SillyMe1969's picture

I have not yet been to the kissa-inspired venue in my town (I live in Oakland), but I saw that they recently scheduled a Silent Sunday listening event for a specific recording — in this case, a Radiohead album, not jazz per se — and from what I saw on their social media it looked as though the attendees were listening respectfully. Video here:

mcrushing's picture

Love seeing this scene covered in Stereophile, Alex.

As a Los Angelino, I can attest that the ISC guys definitely get it, and in my opinion are doing good work by preaching the gospel of mindful listening and appreciation of culturally important recordings.

ISC's LA bar closed during the pandemic, but they did a series of residencies at an event space in Hollywood. It had an ideal layout - rooftop terrace complete with bar, DJ, pop-up record bin, projection wall - all the trappings of a great bar experience... but in an adjacent, indoor space they'd set up a listening den with comfy furniture and an amazingly good system curated by Wes Kazir of the Common Wave Hifi shop. At the end of every record side, they'd clear the listening room into the bar and allow bar patrons into the listening room.The model worked beautifully - but I also think part of the trick was they made it a ticketed event. Tickets were free, but you had to RSVP online. That helped set an intention, and crowds showed up with expectations closer to those of concertgoers than bar hoppers.

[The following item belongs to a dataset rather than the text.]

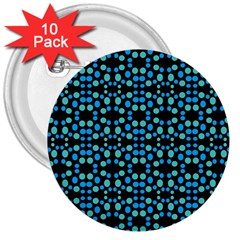 Dots Pattern Turquoise Blue 3  Buttons (10 Pack)  by BrightVibesDesign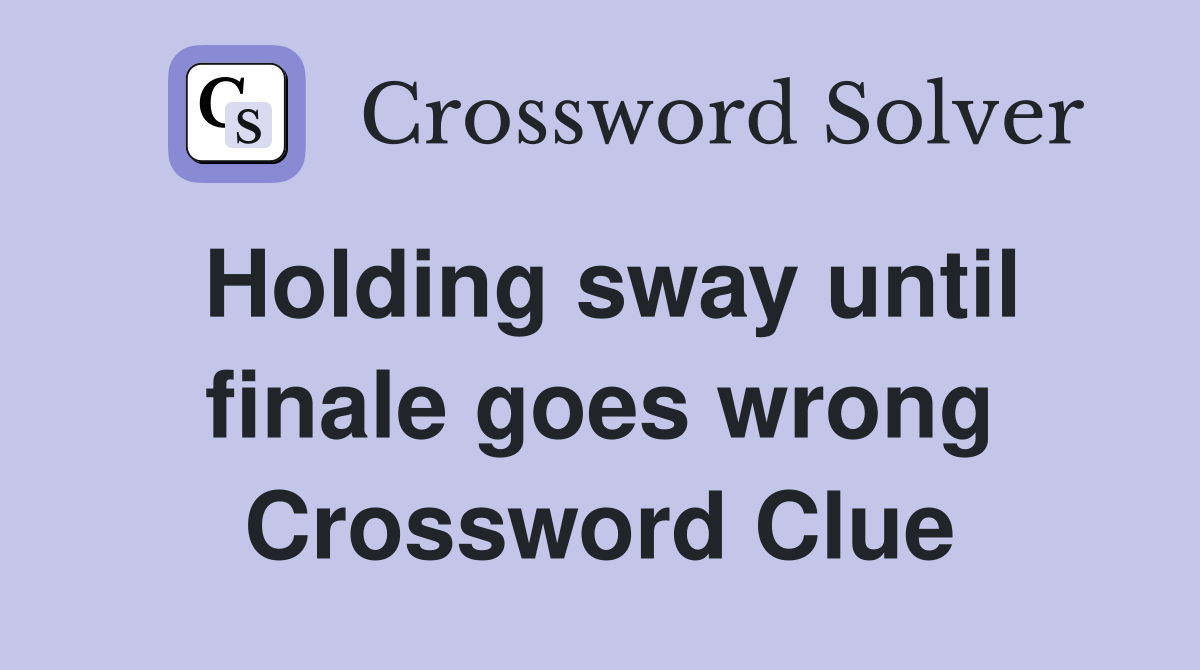 Holding sway until finale goes wrong Crossword Clue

Worth noting - Wes has imagined Common Wave as a social listening space as well. He holds similar listening events, and I wish more hifi shops did the same. I've even adopted this model and host semi-regular listening parties at my apartment. There's definitely a market for concept of gathering friends for the stated purpose of spending time with music. For too long the word "audiophile" conjured images of ugly, windowless, acoustically-treated rooms with a huge system and a solitary chair. That concept kinda makes me sad.

Alex Halberstadt's picture

Thanks for sharing—fascinating. And that concept kinda makes me sad, too.